Re-Ordering BSP Brushes causes editor to crash

Fairly simple:

Create several additive brushes
Create a subtractive brush that intersects one or more additive brushes
Send any brush that interacts with the subtractive brush (including the subtractive brush) to Front or to Back
Editor will crash 100% of the time

I’ve reproduced this on several computers.

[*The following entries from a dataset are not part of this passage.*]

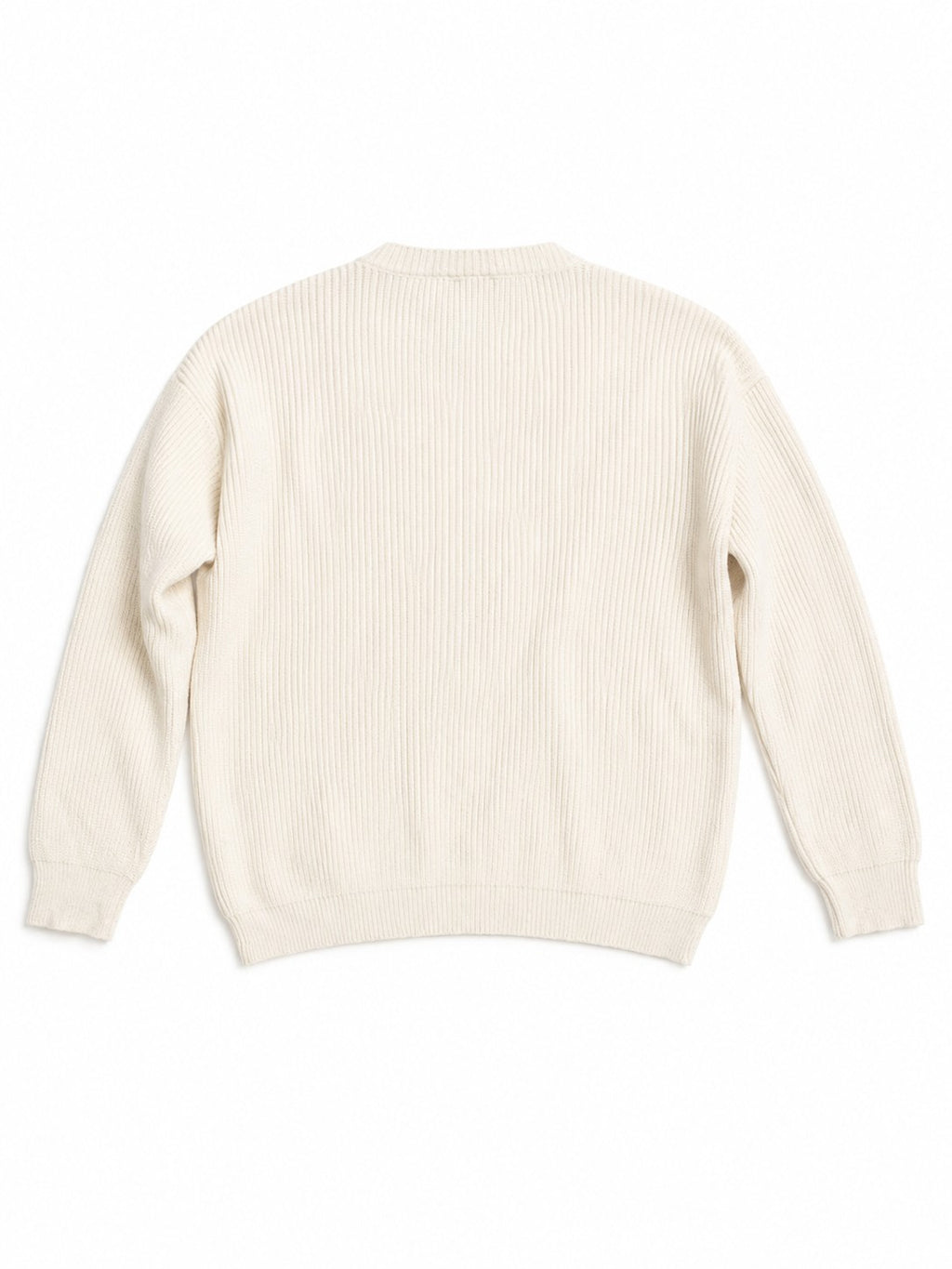 Hello Molly Cream Candy Cane Heart Knit Sweater Christmas Oversized Womens M/L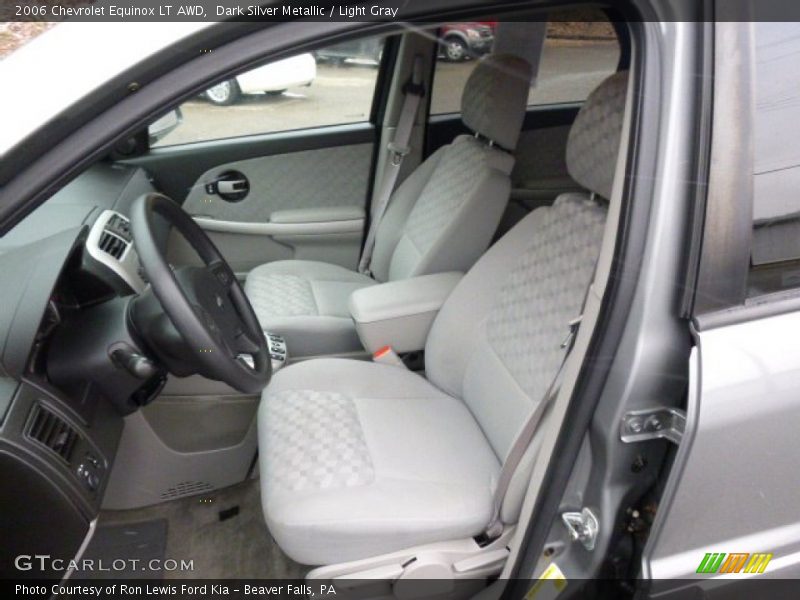 Dark Silver Metallic / Light Gray 2006 Chevrolet Equinox LT AWD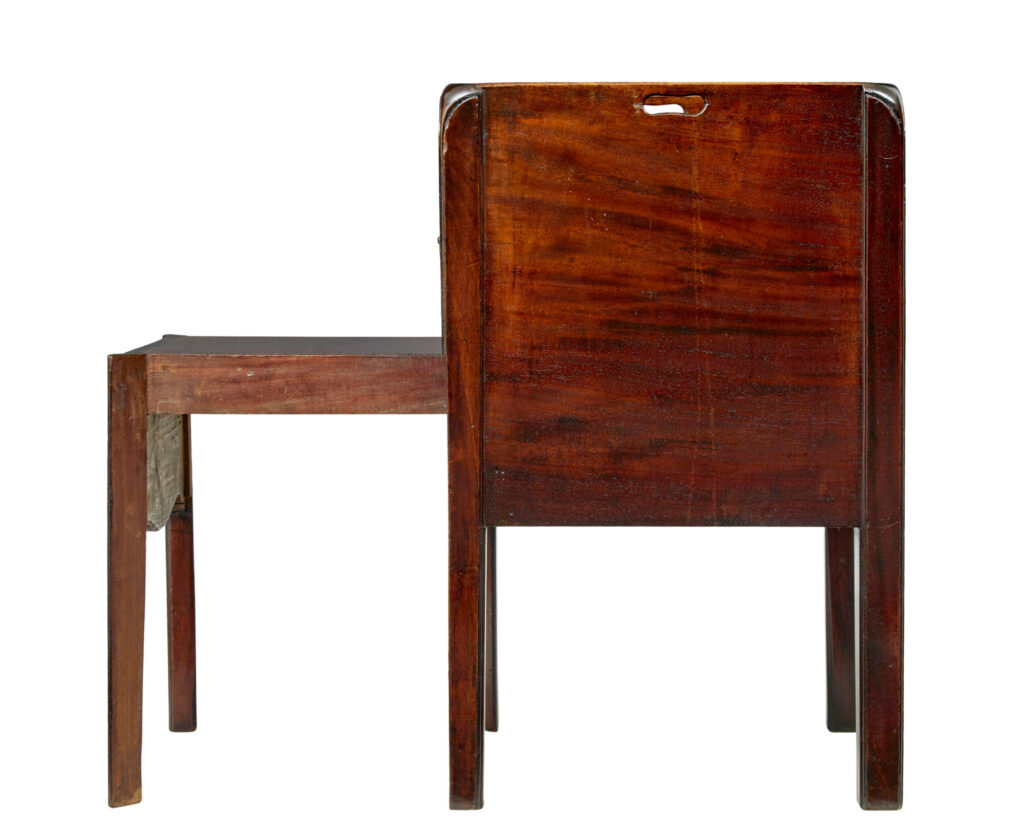 19th Century Georgian Tambour Bedside Table — image 7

I can get more specific reproduction steps but effectively once I add subtractive brushes (a must, really) I can no longer re-order anything. Which makes working with BSP’s significantly more time consuming and a bit frustrating because edtor crashes aren’t typically clean. I mainly stick to box brushes and don’t edit anything other than the “size” constraints (the numbers not the scale multipliers) if that helps narrow it down. I do apply materials to the faces of the brushes while prototyping.

Specs:

12GB of RAM

Radeon R9 270 (2GB Video Memory)

AMD A8-5600K (3.6GHZ Dual Core cpu that pretends to be 4 cores? It’s advertised as Quad Core ; DXDiag says it’s 4 cores but Halo: Forge says I only have 2 and Task Manager says 2 Physical Cores and 4 Logical Processors)

Windows 10 64 bit

Not an answer but. You should consider switching to static meshes pipeline.

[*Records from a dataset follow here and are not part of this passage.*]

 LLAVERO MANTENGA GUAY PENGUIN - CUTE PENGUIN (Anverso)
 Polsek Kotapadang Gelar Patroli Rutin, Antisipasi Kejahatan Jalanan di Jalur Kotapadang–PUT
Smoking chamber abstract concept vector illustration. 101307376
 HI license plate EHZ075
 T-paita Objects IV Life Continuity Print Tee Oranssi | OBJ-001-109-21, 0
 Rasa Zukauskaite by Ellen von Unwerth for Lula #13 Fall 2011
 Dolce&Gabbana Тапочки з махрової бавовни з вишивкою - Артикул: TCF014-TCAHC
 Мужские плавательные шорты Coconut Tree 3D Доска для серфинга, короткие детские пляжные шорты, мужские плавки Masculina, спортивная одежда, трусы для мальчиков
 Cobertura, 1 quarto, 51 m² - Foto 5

I started there. I switched because it allowed me to make far more customized meshes without having to spend the time creating them. It made making something like a floor with three different 8-sided “cylinder” holes in it (like a step-down into a pool) not just fast to make, but significantly faster to iterate. One step too big? Easy to fix by just tweaking a value.

I’m aware that I can improve my modeling pipeline and get similar results over time but for prototyping BSP has been both easier and quicker than bringing in and resizing meshes (or test > adjust in Modo > “Update Mesh Asset” > repeat). Not to mention having to have the values figured out ahead of time for the size of the asset. Ideally I’d love to just have these metrics on hand but that requires me to have solved the problem at least once (ie at what height do I want these stairs to provide a height advantage? How many steps at what scale?).

Totally feasible and I generally agree with you. The majority of my use cases can easily be done by simply resizing cubes and planes. The rest can be solved with experience. I’m just providing my reasoning for having gotten into the BSP process in the first place.

Hey Travistyse,

I tested this in 4.15 and was unable to reproduce the issue. Would you mind testing in the preview to see if this has been fixed on your end?